[Data excerpts]

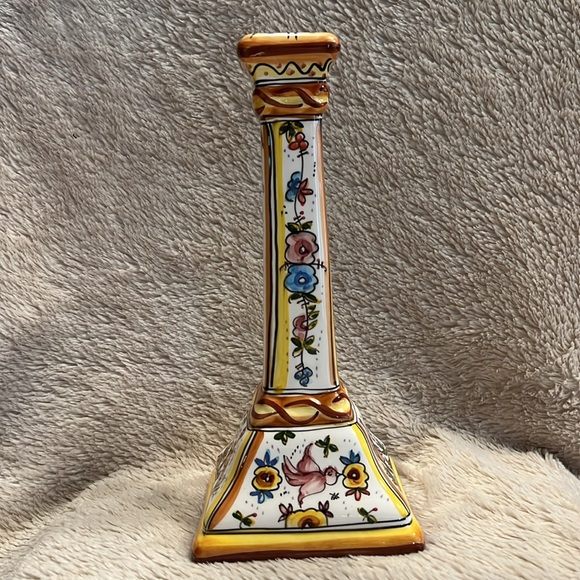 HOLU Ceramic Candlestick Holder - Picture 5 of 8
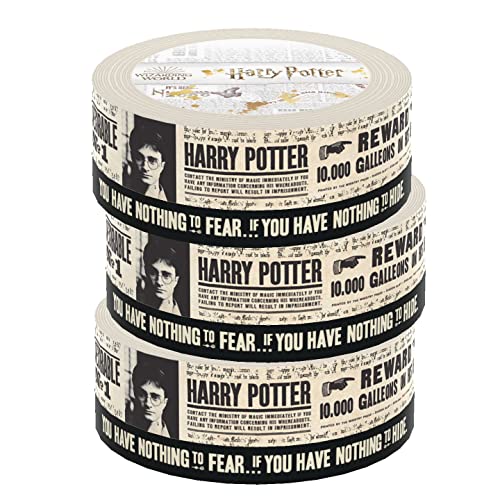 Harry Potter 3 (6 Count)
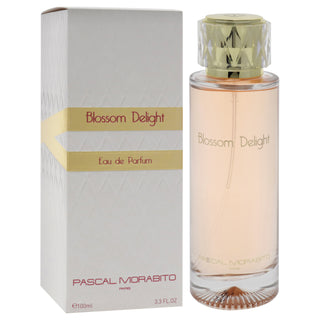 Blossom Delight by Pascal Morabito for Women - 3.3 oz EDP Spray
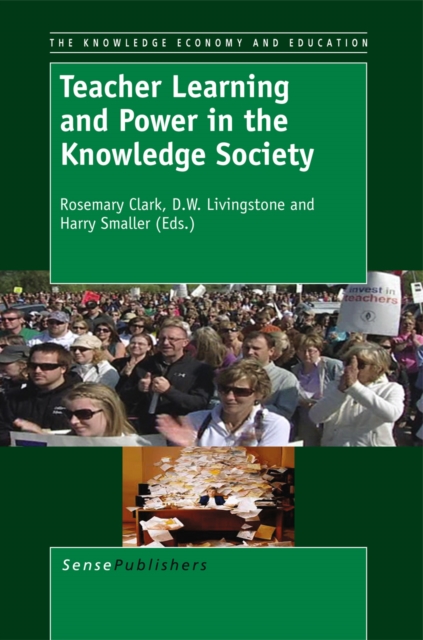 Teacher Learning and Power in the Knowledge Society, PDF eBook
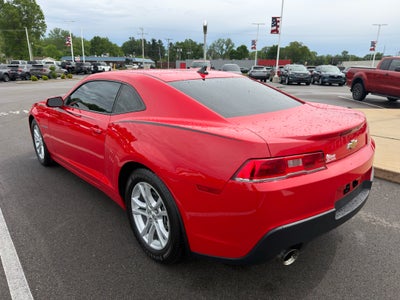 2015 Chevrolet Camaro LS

# TASK GOAL:
Leaving out any pictures, write the records above out exactly as they are.

# SOLUTION TO THE PROBLEM:
 HOLU Ceramic Candlestick Holder - Picture 5 of 8
 Harry Potter 3 (6 Count)
 Blossom Delight by Pascal Morabito for Women - 3.3 oz EDP Spray
 Teacher Learning and Power in the Knowledge Society, PDF eBook
 2015 Chevrolet Camaro LS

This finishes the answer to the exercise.